Branch chair Lee Robinson said BJ Harrington’s intervention sent out a powerful message to the Government which is facing a 17 per cent pay claim by the Police Federation after more than two decades of real–terms cuts.

Mr Harrington warned many Essex officers would be unable to carry on for much longer unless they received a fair pay offer.

He said some were using a food bank run by colleagues at a police station in the county, 300 had asked for permission to take second jobs to make ends meet and many others were leaving the Force for financial reasons.

He added: “You can’t Taser the gas bill and you can't handcuff the family food shop at Lidl. And you can’t arrest rising mortgage bills.” 

In a speech to new recruits, he said: “Seeing 84 new officers take their oath to protect communities across Essex is an incredibly proud moment but there is no doubt it is becoming increasingly difficult to retain the best new talent.

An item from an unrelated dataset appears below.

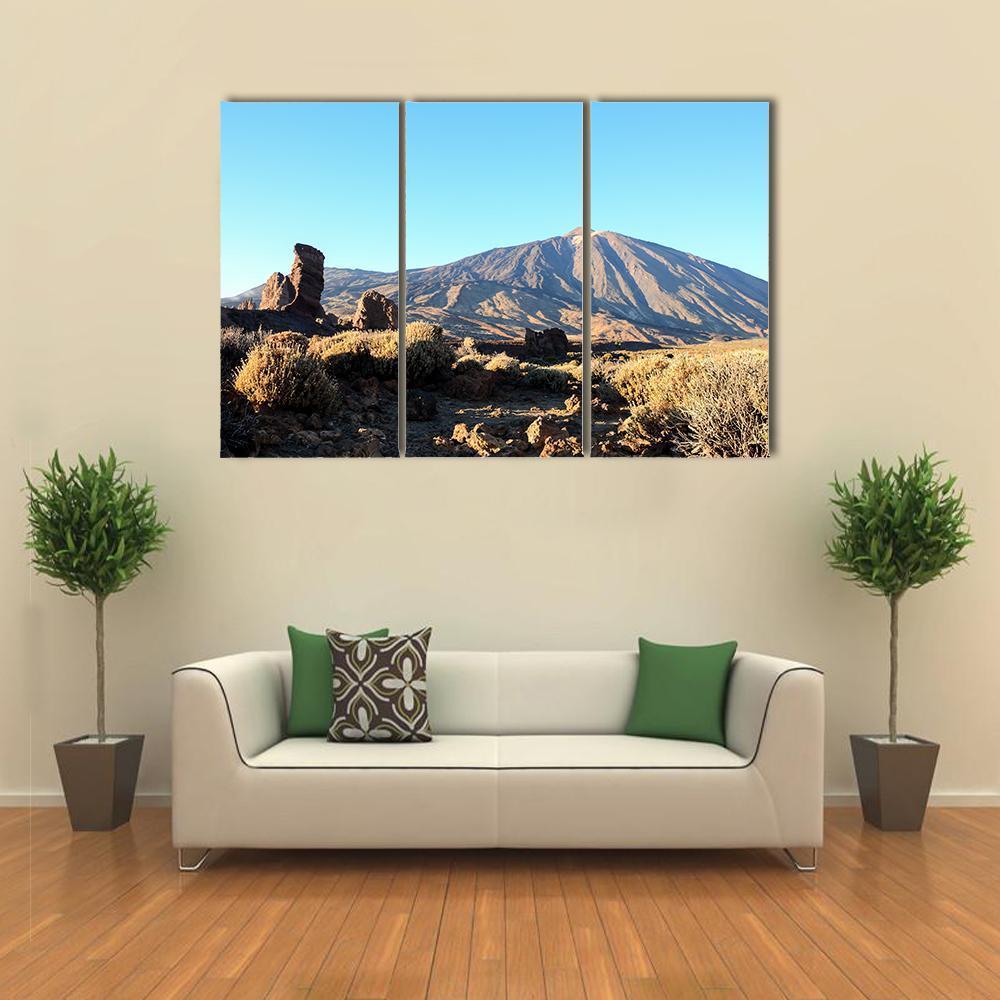 El Teide National Park Canvas Wall Art-3 Horizontal-Gallery Wrap-37" x 24"-Tiaracle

“Police pay has fallen behind that of other sectors by 17 per cent since the year 2000 and this is too big a gap to simply ignore.

“I need the officers and staff across Essex to focus on helping people, keeping people safe and catching criminals, not on whether they can afford to stay in the job. You need to be able to afford to do your job.”

His comments were echoed by Lee who said the pay crisis was deepening in forces across the country.

“Chief constables are publicly calling for a decent pay rises for their officers because they know it’s only a matter of time before they can longer justify staying in the job,” he said.

“Officers with young children are looking at their monthly mortgage repayments and household bills and asking themselves if they can still afford to live and support their families on their wages as a police officer.

“Unfortunately, the answer is increasingly ‘no’ and the serious issues around officer retention are not going to go away unless pay is sorted out.

“Staffordshire Police has to make itself an attractive place to work and, like it or not, that starts with paying its officers a salary that reflects the dangers they face, the sacrifices they make, the pressures they come under and the fact that they perform a unique service protecting their communities.

“This year’s pay offer should also take into account two decades of real-terms cuts and the fact that unlike our colleagues in other frontline services, we are not allowed to take industrial action to press home our demands for pay parity.

“Cuts have consequences and at the minute our police forces are losing too many good officers.”

The Police Federation is calling for a 17 per cent pay rise for members after an independent study showed a landslide decline in police pay since 2000.

The research by the Social Market Foundation (SMF) revealed real terms police pay has fallen almost 20 per cent behind inflation between 2000 and 2022.